ペアプロでは、ドライバーとナビゲーターの役割を30分ごと、またはテスト1つを完成させるなどのタイミングで交代することが推奨されています。また、一定期間でペア自体を組み替えることもあります。
モブプロを導入するメリット
- 効率的な作業とコードの質の向上
- チーム全員で意見を出し合いながら作業するため、個々で考え込む時間が減り、効率よく作業が進められます。
- モブプロで作成したコードは、チーム全員によるレビューが自然と行われるため、コードの質が向上します。
- 技術や知識の共有
- メンバー各自が持つ知識やノウハウを共有できるため、個々のスキルがチーム全体に広がります。

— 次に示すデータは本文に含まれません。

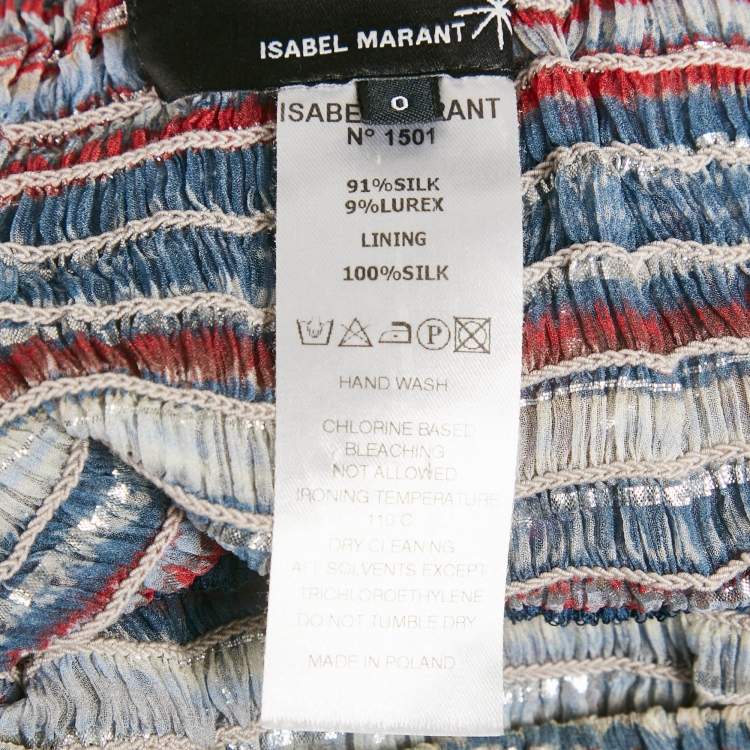 Pre Owned Isabel Marant Blue Striped Lurex Silk Mini Skirt XS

- 属人化がなくなり、特定のメンバーだけが作業内容を詳しく知っている状況が改善され、チーム全員が作業内容を把握するようになります。
- コミュニケーションの促進
- モブプロを導入すると、自然とメンバー同士のコミュニケーション量が増えます。これにより、設計の考え方やフィードバックの場面が増え、チームの一体感が高まります。
- 新しいメンバーが加わったばかりのチームでも、モブプロを通じてお互いを知る機会が増え、コミュニケーションの取り方に悩むことが減ります。
- 全員が責任を持つ体制の確立
- 作業内容がチーム全員で共有されているため、成果物に対して全員が責任を持つ意識が高まります。
- 同期の手間の削減
- 分担作業の前後で発生する同期のコミュニケーションが不要となり、作業の属人化や同期のずれがなくなります。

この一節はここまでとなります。